DEFEND:  If you suspect a problem you need to take action immediately.  Here are the steps to take:

  • Place a “Fraud Alert” on your credit reports by calling any one of the three nationwide credit reporting companies.  Placing a fraud alert on your credit reports tells creditors to follow certain procedures before they open new accounts in your name or make certain changes to your existing accounts.  A call to one company is sufficient – that company will pass the information on to the other two.

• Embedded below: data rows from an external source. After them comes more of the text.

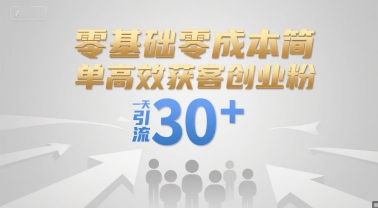 零基础零成本简单高效获客创业粉，一天引流30+-网赚项目平台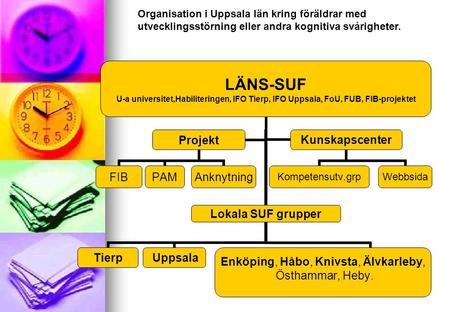 Intellektuella begränsningar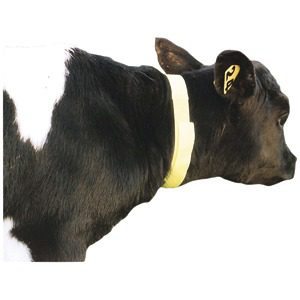 Calf Neck Bands Mixed Colour 10-pk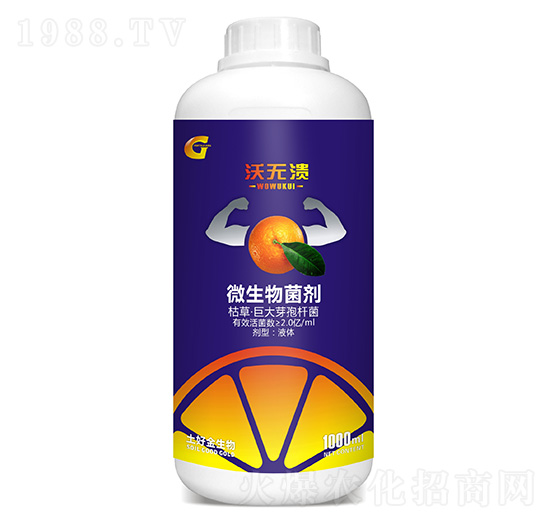 ΢������� �֟o�� ���ý�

  • Close accounts that have been tampered with or opened fraudulently. To close your accounts, call the security or fraud departments of each company where an account was opened or changed without your okay. Follow up in writing, with copies of supporting documents.  You can use the ID Theft Affidavit at http://ftc.gov/idtheft to support your written statement.  Ask for written verification that the disputed account has been closed and the fraudulent debts discharged.
  • File a police report.
  • Contact the Federal Trade Commission. The FTC is the federal consumer protection agency that helps law enforcement officials in their investigations.